Using BeautifulSoup to collect urls from html code

Using BeautifulSoup to collect urls from html code - python

i have collected a list of links from a folder of documents that essentially is wikipedia pages. I eventually realized that my list of links is incomplete, because my code only collects a few of the links from each wikipedia page. My goal is to get all links and then filter it afterwards. I should end up with a list of links to train related accidents. Keywords for such accidents in the links varies between disaster, tragedy etc. i dont know them beforehand.
My input is
list_of_urls = []
for file in files:
text = open('files_overview/'+file, encoding="utf-8").read()
soup = BeautifulSoup(text, features="lxml")

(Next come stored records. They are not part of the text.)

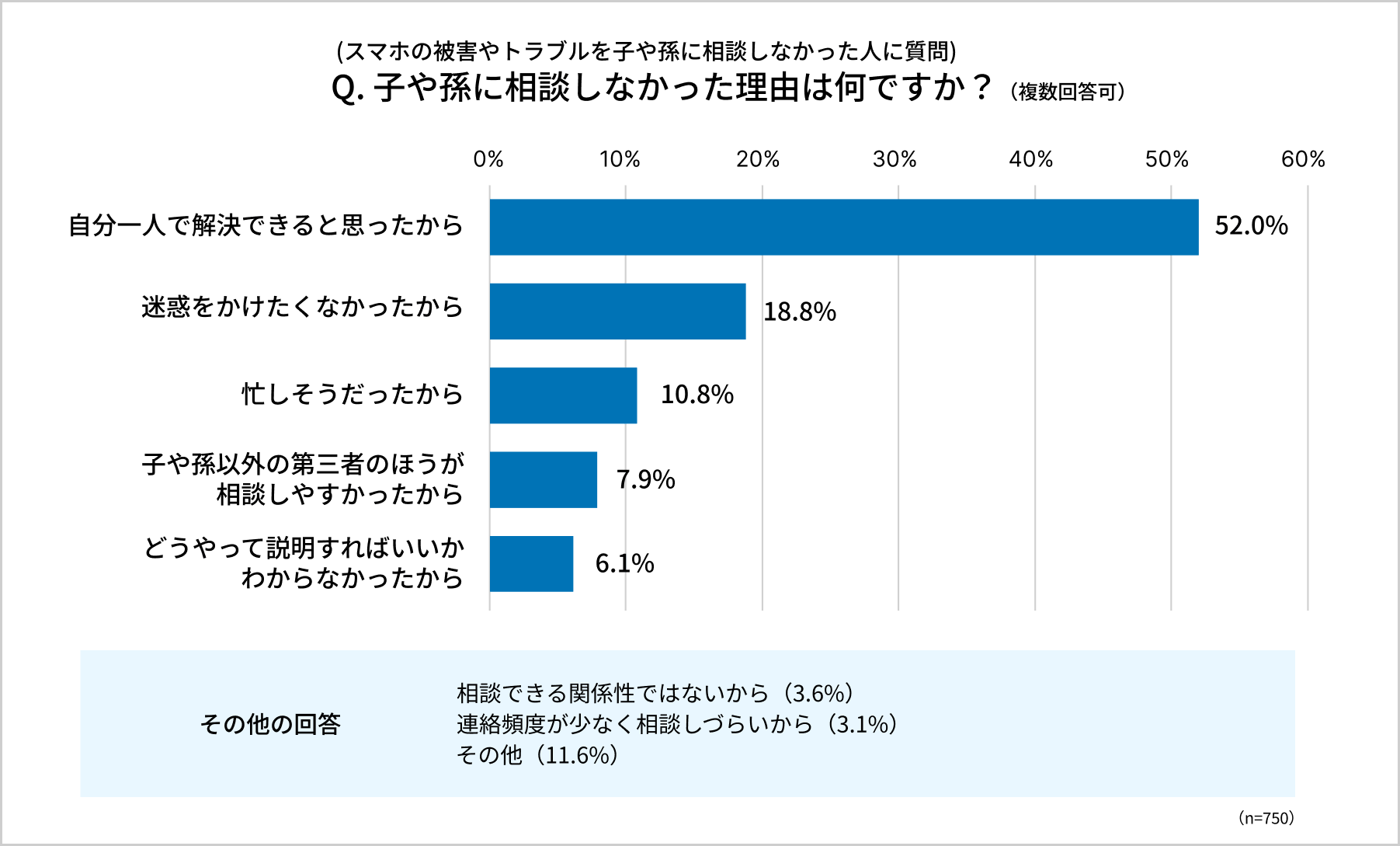 Q. 子や孫に相談しなかった理由は何ですか？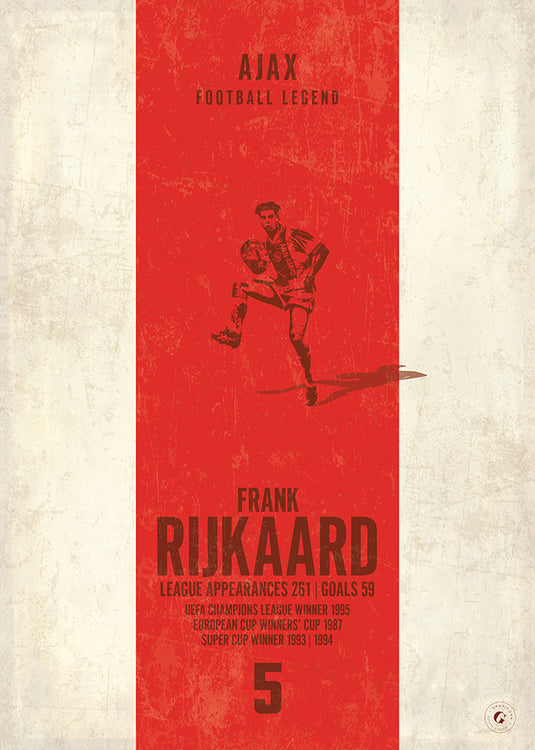 Póster Frank Rijkaard (Banda vertical)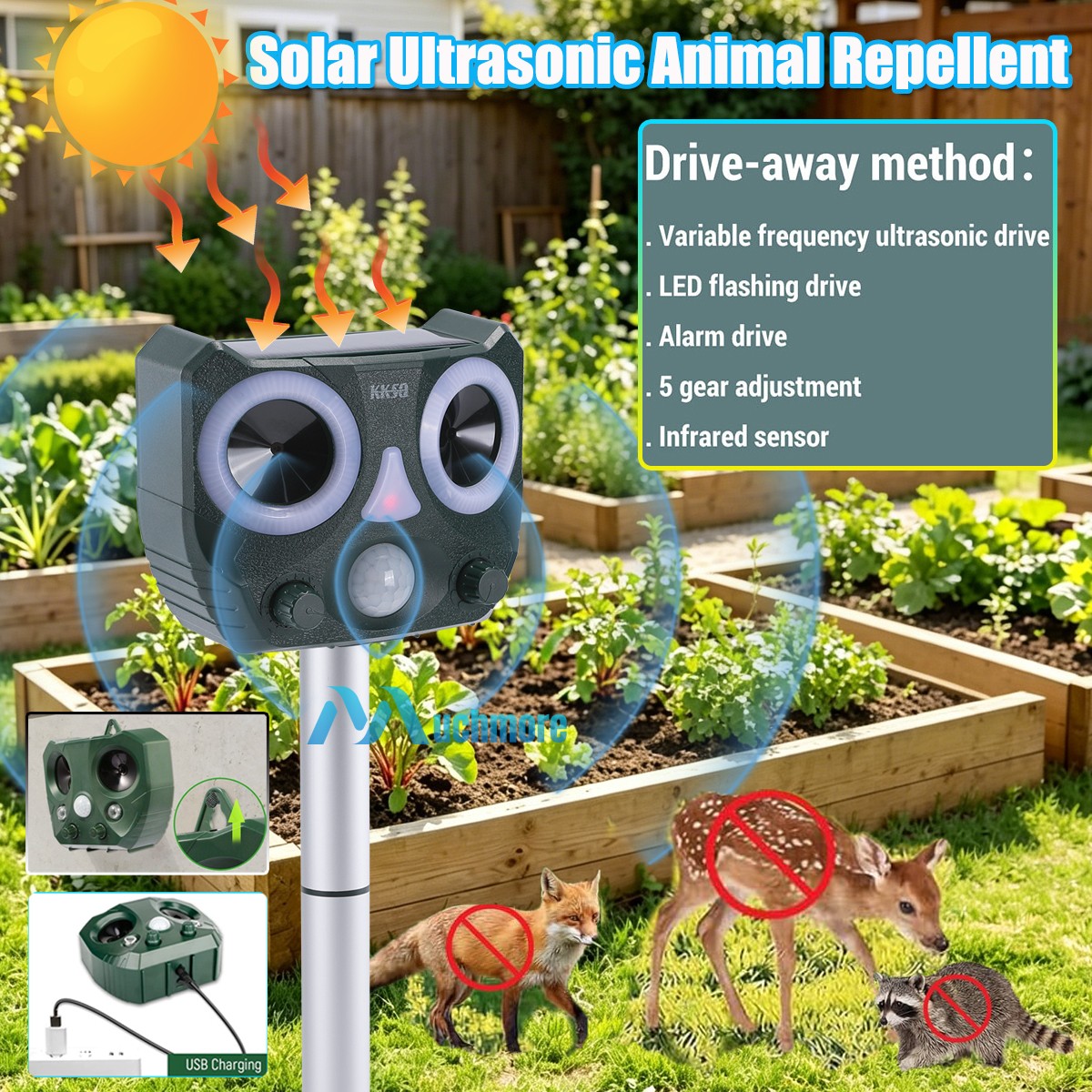Upgraded Solar Ultrasonic Animal Repellent Waterproof Pest Deterrent for Garden gallery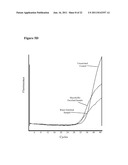 SYSTEM AND METHOD FOR HIGH RESOLUTION ANALYSIS OF NUCLEIC ACIDS TO DETECT     SEQUENCE VARIATIONS diagram and image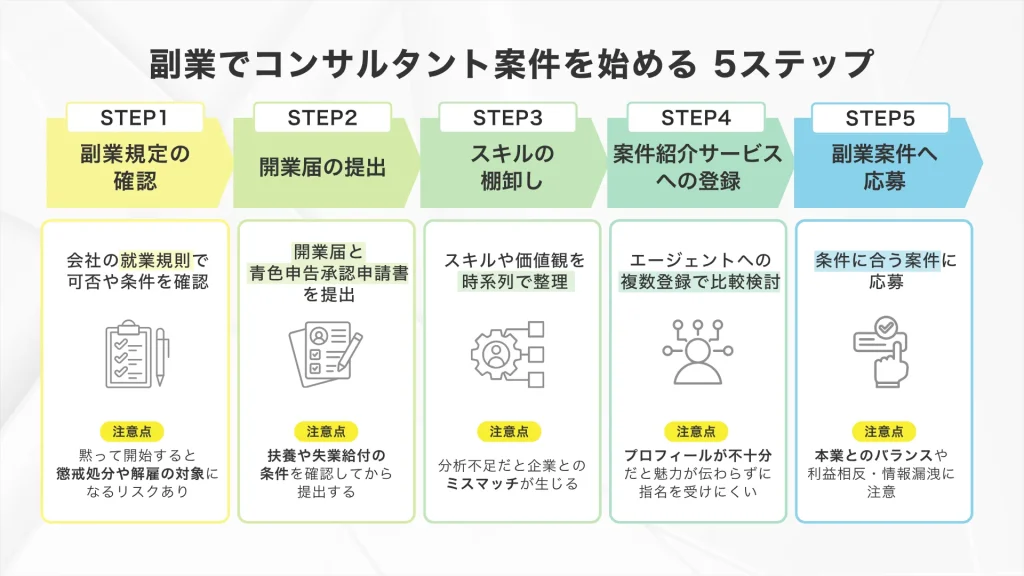 副業でコンサルタント案件を始める5ステップ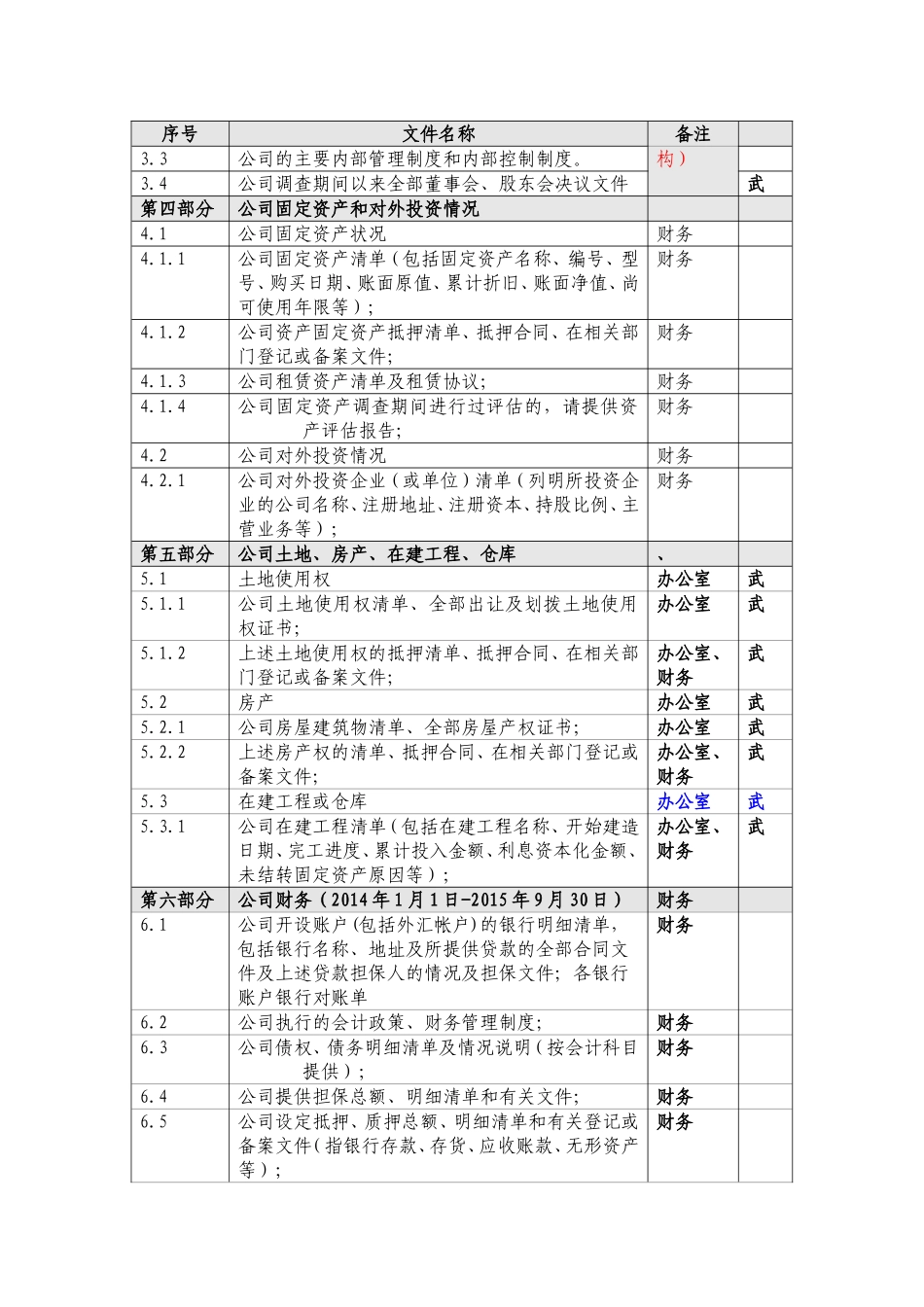 财务尽职调查资料清单-立信_第2页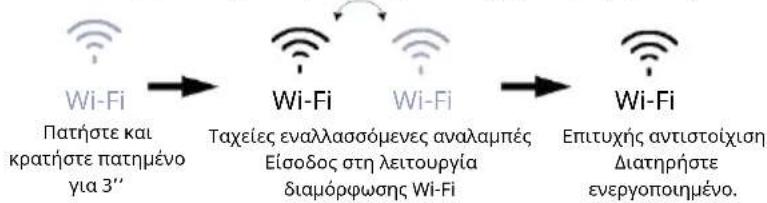 HAIER HMLT7518EWF - Λειτουργία Wi Fi - 2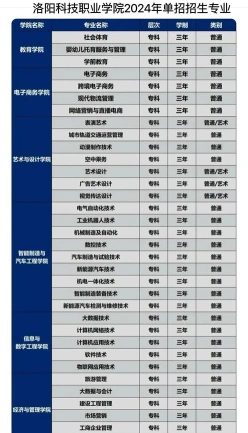 能力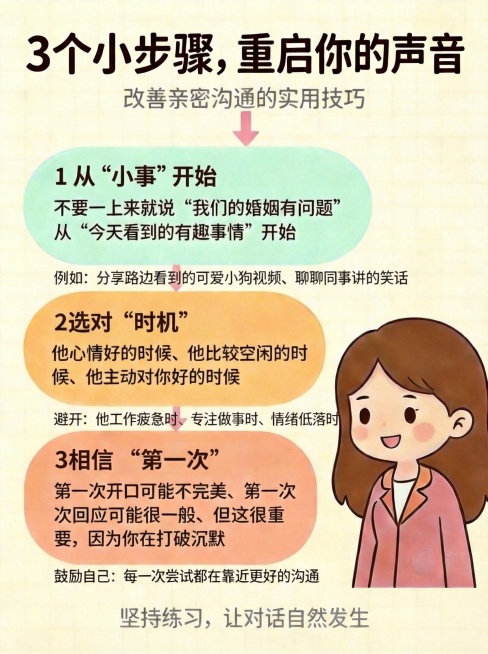预览效果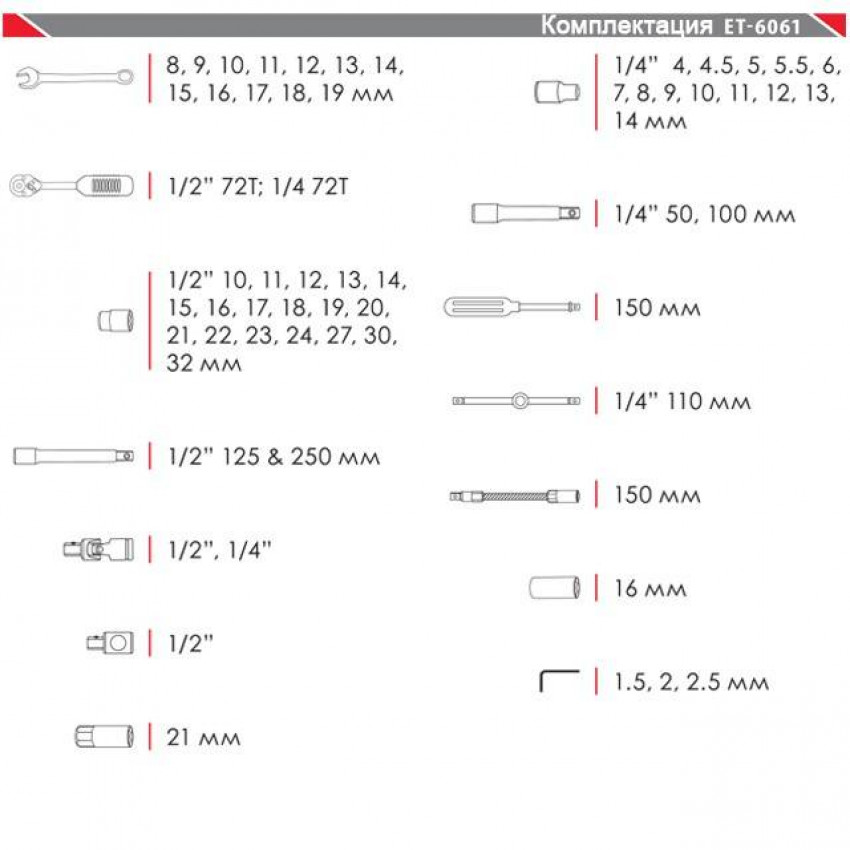 Професійний набір інструментів 1/4", 1/2", 61 од., Cr-V INTERTOOL ET-6061-ET-6061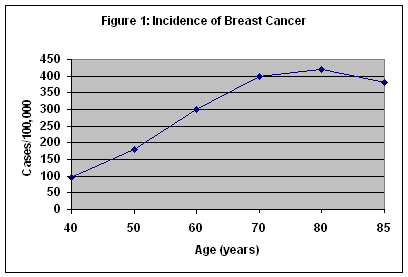 Figure 1: Incidence of Breast Cancer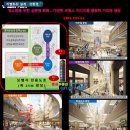 미사행복공인중개사사무소 이미지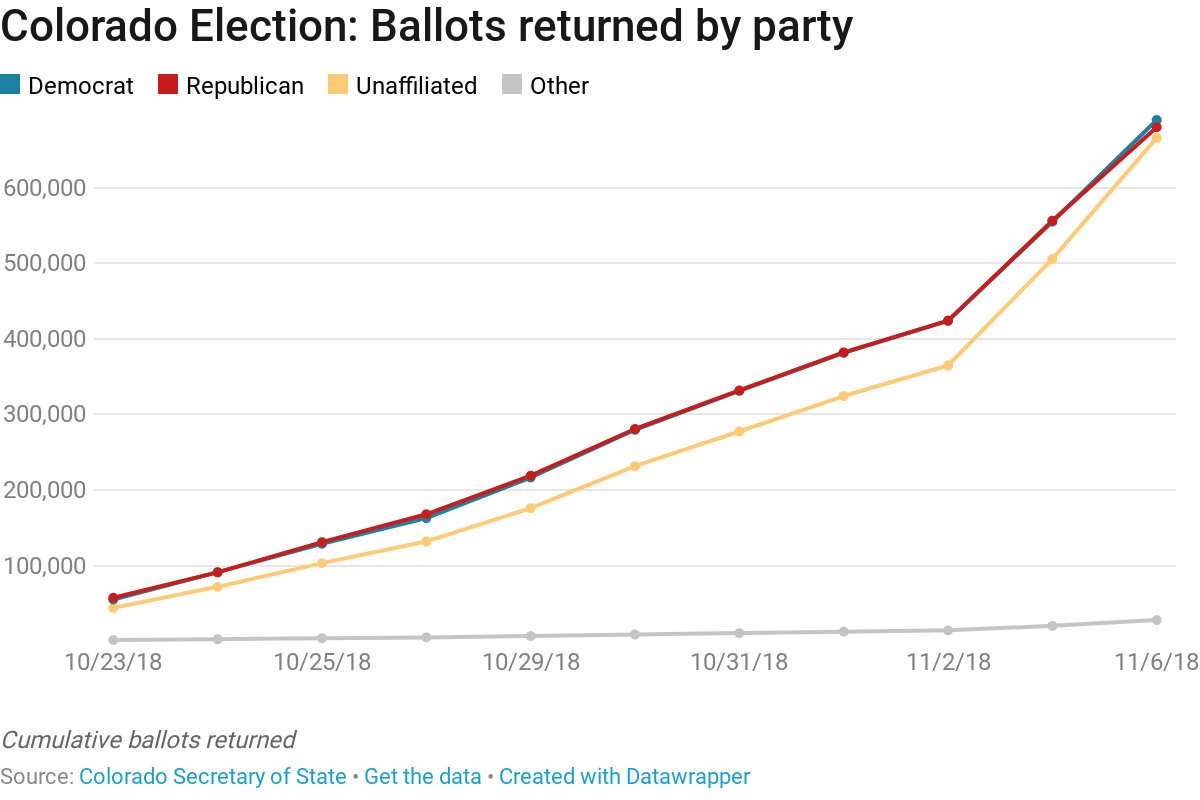 kevinmhamm's tweet image. UPDATE: Colorado&apos;s unaffiliated voters are closing the gap #copolitics dpo.st/2Dfkz7V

for item in soup.findAll("div", attrs={'class':'mw-content-ltr'}):
url = item.find('a', attrs={'class':'href'=="accident"}):
#If i dont add something, like "accident" it gives me a syntax error..
urls= url.get("href")
urls1="https://en.wikipedia.org"+urls
list_of_urls.append(urls1)
HTML code from one of my documents, wherein multiple links lies are given below:
</div><div class="mw-category-generated" lang="en" dir="ltr"><div id="mw-pages">
<h2><span class="anchor" id="Pages_in_category"></span>Pages in category "Railway accidents in 1860"</h2>
<p>The following 3 pages are in this category, out of 3 total. This list may not reflect recent changes (learn more).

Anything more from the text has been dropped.